Roesy chose to close the album with the extraordinarily gentle and comforting song, ‘Don’t Be Afraid’. I ask him who’s saying these words.
“Well, it’s funny, that,” he says, “because it’s me saying it to a friend who was having a hard time. But it’s like I’m saying it to all my friends, to all the people. You know that saying, a problem shared is a problem halved. And that’s all it is, pure and simple – saying ‘I’ve been there, too’.
“And as soon as you talk about it or go looking to resolve something, you find that people come into your life who will help you. So that song is everybody saying to one another, ‘Don’t be afraid when you’re lost or on the shade.’ It caps off the whole album.”
Contemplation seems to have given Roesy a good idea of where he’s coming from with his music. We turn to the wild explosion of colour – derived from particularly high quality spray paint, a new medium for Roesy – that covers the floor, three walls and the ceiling in a room in The Factory. The blues and reds and oranges are so vivid they seem translucent, giving the effect of stained glass.
“The art one is funny for me,” says Roesy. “I find that I can express myself and I know what I’m doing when I’m writing, and when I paint I don’t know what I’m doing, but it doesn’t really matter.”
Painting is a bit of a mystery to him, he says. “Stuff starts coming out as you start painting, and the more you paint, the more you see this pattern of something and you don’t know where it’s coming from, it just starts showing up all the time. I never really try to make sense of that. Like I’ve been painting birds for the last couple of years….”
Sure enough, there are birds all over the place, and the central focal point of the whole installation is a large bird in a human-like posture, standing with arms and hands outstretched – as though inviting an embrace – with large feathers for legs and, bizarrely, nipples and a belly-button on its torso.
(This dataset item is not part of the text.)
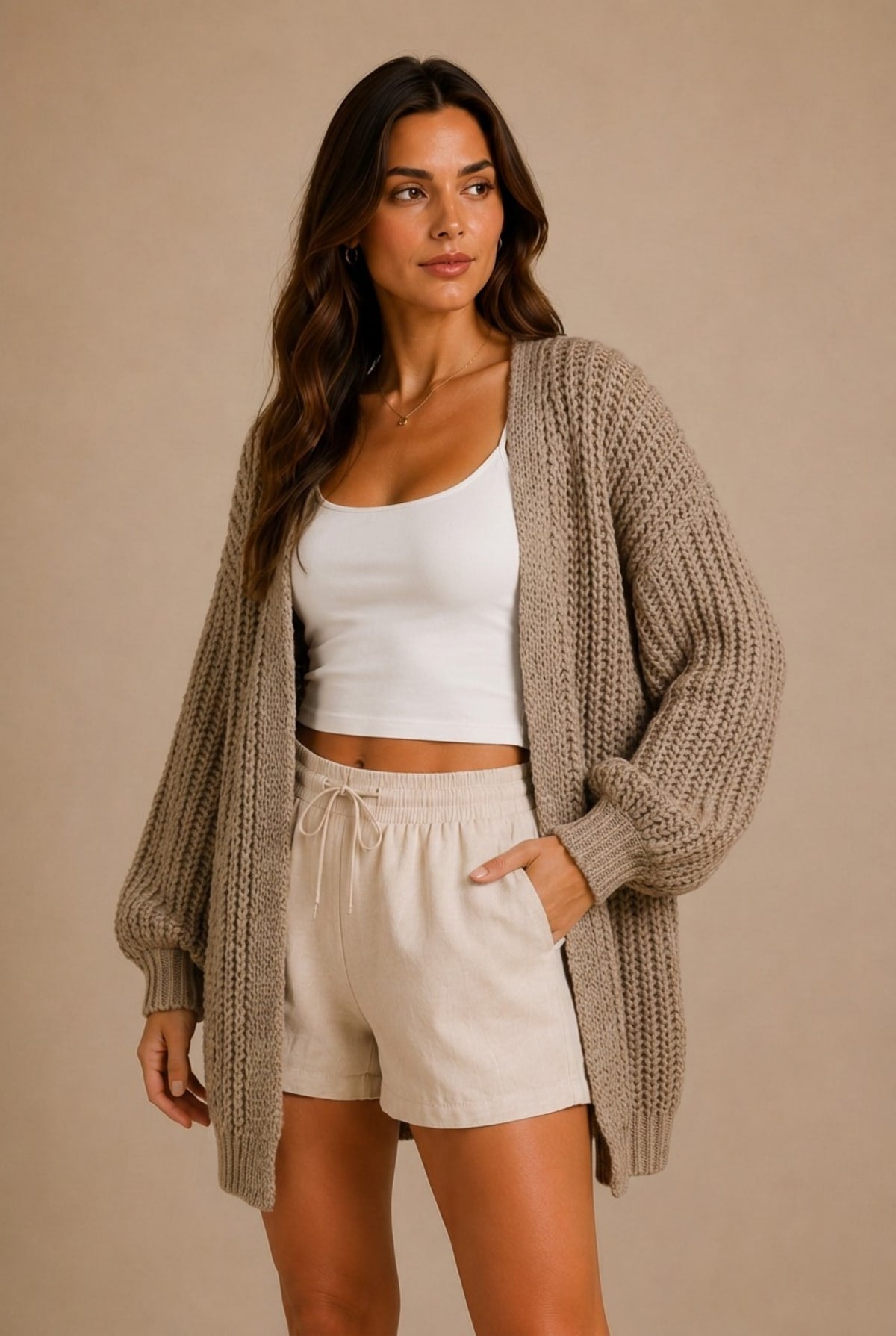 Arezzo Lantern Sleeve Cardigan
Roesy explains why he finds birds such an inspiration.
“I had this thing in my head that birds, they’re so free, they’re a symbol of freedom”, he says. “But the thing about them as well, you can tend when you’re younger to mix up freedom with chaos – you think that being chaotic you’re being free. And I just got this lovely glimpse and analogy with birds, that they’re up at dawn when the sun comes up and they go to bed when the sun goes down – they follow natural laws, but they’re still free.
“That’s my admiration for them. And that’s why a lot of the birds I paint are half-man, half-bird. Because it’s like us trying to attain that balance, where freedom isn’t just fucking madness.”
Colour Me Colourful is Roesy’s third studio album after Sketch The Day, Paint The Night (2001) and Only Love Is Real (2003). Featuring beautiful backing vocals from Carol Keogh of Automata, and brilliantly produced by Ken McHugh, this latest record is the one that Roesy feels he’s always wanted to make, and he’s thrilled to be touring it right now.
“Doing gigs gives me total calm,” he says. “If I was to think about the fact that I’m standing on stage in front of a couple of hundred people, I’d be mortified. But when I get up on stage, I get out of the way and free myself so the music can just go through me, and with that attitude, I never get nervous.
“When you write a song, you do it from a certain place,” Roesy adds, “and when you sing it, you’re creating a bridge back to that same place. When you’re performing an album live, you’ve got twelve songs that were all written from their own place, and you spend an hour and 45 minutes going over all those bridges into all those different places again, and that’s what I really love.
“When I’m on stage, I feel like everything is graceful and it’s moving, there’s a flow,” says Roesy. “If you don’t interfere with it – if you don’t go out on the piss after it – a good gig can last you days. It’s like coming back from a good holiday.”